With this correction, we should replace the statement in Section 1 about “the iteration complexity of SDDP is worse than that of DDP and EDDP by a factor of \(\bar{N} := \max \{N_2,\ldots ,N_T\}\), but still mildly increases w.r.t. T" by “the iteration complexity of SDDP is worse than that of DDP and EDDP by a factor of \(\bar{N} := \textstyle \prod _{i=2}^{T-1} N_i\), which increases exponentially w.r.t. the horizon T". Also in the abstract, we should replace “the complexity of these methods mildly increases with the number of stages T" by “the complexity of some deterministic variants of SDDP mildly increases with the number of stages T".
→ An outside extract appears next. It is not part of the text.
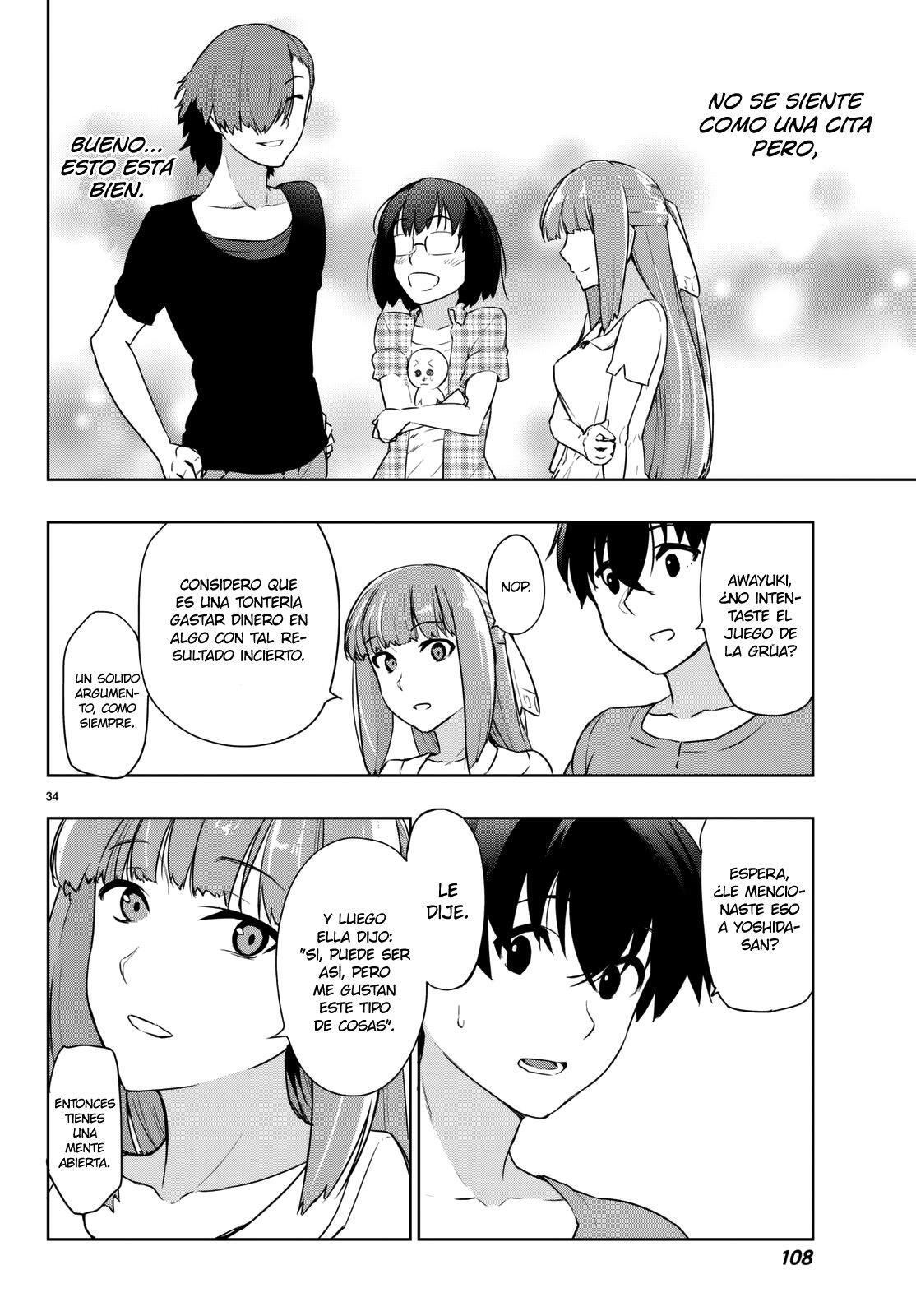 Capitulo 3 page 35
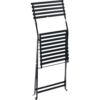Rental-furniture in Paris-France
It should be noted that although the complexity of SDDP is worse than those for DDP and EDDP, its performance in earlier phase of the algorithm should be similar to that of DDP. Intuitively, for earlier iterations, the tolerance parameter \(\delta _t\) are large. As long as \(\delta _t\) are large enough so that the solutions \(\tilde{x}^k_{t i}\) are contained within a ball with diameter roughly in the order of \(\delta _t\), one can choose any point randomly from \(\tilde{x}^k_{t i}\) as \(x^k_t\). In this case, SDDP will perform similarly to DDP and EDDP. This may explain why SDDP exhibits good practical performance for low accuracy region. For high accuracy region, the new EDDP algorithm seems to be a much better choice in terms of its theoretical complexity. In practice, it might make sense to run SDDP in earlier phases (due to its simplicity), and then switch to EDDP to achieve higher accuracy.

The above corrections and discussions are incorporated in the ar**v version of the paper at https://arxiv.org/abs/1912.07702.

Remark 1

Note that in a recent and related work, Zhang and Sun [3] among many developments analyzed a different deterministic variant of SDDP by Bauche et. al. [1] and obtained complexity results similar to that of EDDP in [2].Footnote 1 They also gave a similar exponential complexity result of SDDP with a slightly different approach.